In this challenge, you will clean a tweet dataset from Hugging Face (`shmuhammad/AfriSenti-twitter-sentiment`), focusing on the Moroccan Darija subset. The goal is to preprocess the text data by removing emojis, usernames, and applying custom list of Darija stop words. The cleaned data will then be ready for n-gram analysis.

📊 Dataset Summary:
AfriSenti is the largest sentiment analysis dataset for under-represented African languages, covering 110,000+ annotated tweets in 14 African languages (Amharic, Algerian Arabic, Hausa, Igbo, Kinyarwanda, Moroccan Arabic, Mozambican Portuguese, Nigerian Pidgin, Oromo, Swahili, Tigrinya, Twi, Xitsonga, and Yoruba).

## 🛠️ Setup
First, let's install and import the necessary tools. Run this cell to get started!

In [None]:
# Install required packages
import sys
import subprocess

def install_package(package):
    subprocess.check_call([sys.executable, "-m", "pip", "install", package])
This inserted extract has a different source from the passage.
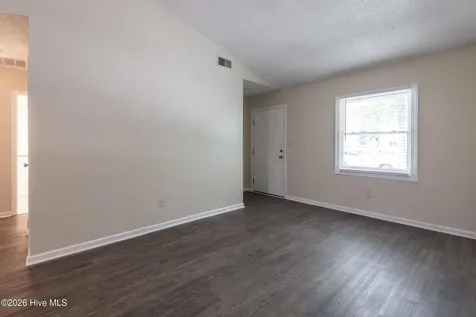 1934 White Hollow Drive Greenville NC 27858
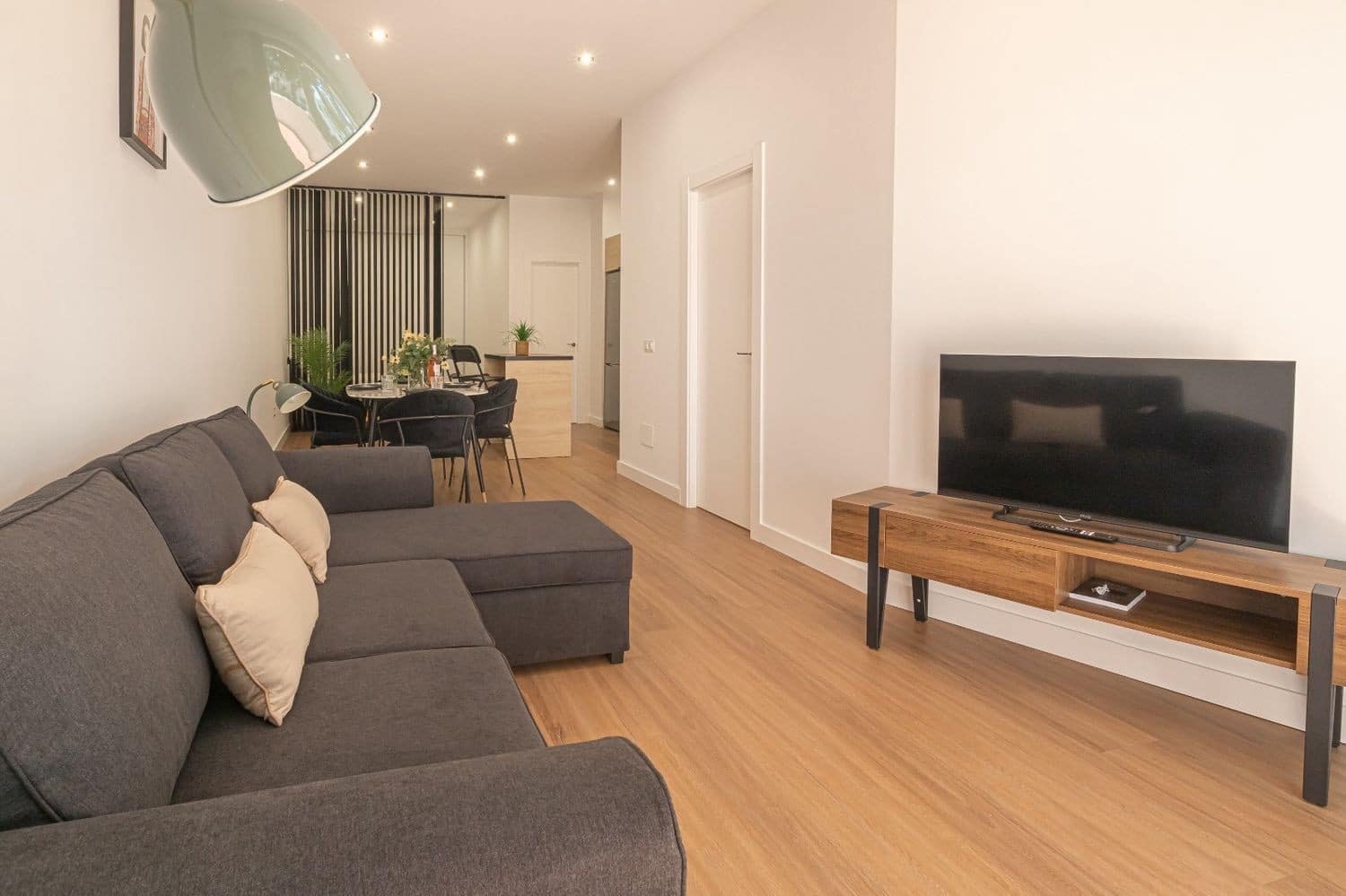2 sypialnia Apartament na sprzedaż w Calahonda z basenem garażem - 250 000 € (Ref: 9913237)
# Install required packages
required_packages = [
    "datasets",
    "pandas",
    "regex",
    "nltk",
    "matplotlib",
    "seaborn",
    "wordcloud",
    "arabic-reshaper",
    "python-bidi"
]

for package in required_packages:
    install_package(package)

# Import libraries
from datasets import load_dataset
import pandas as pd
import re
import nltk
from nltk.tokenize import word_tokenize
import matplotlib.pyplot as plt
import seaborn as sns
from collections import Counter
from wordcloud import WordCloud
import arabic_reshaper
from bidi.algorithm import get_display
from tqdm.notebook import tqdm  # For progress bars

# Download required NLTK data
nltk.download('punkt')

# Set display options
pd.set_option('display.max_colwidth', None)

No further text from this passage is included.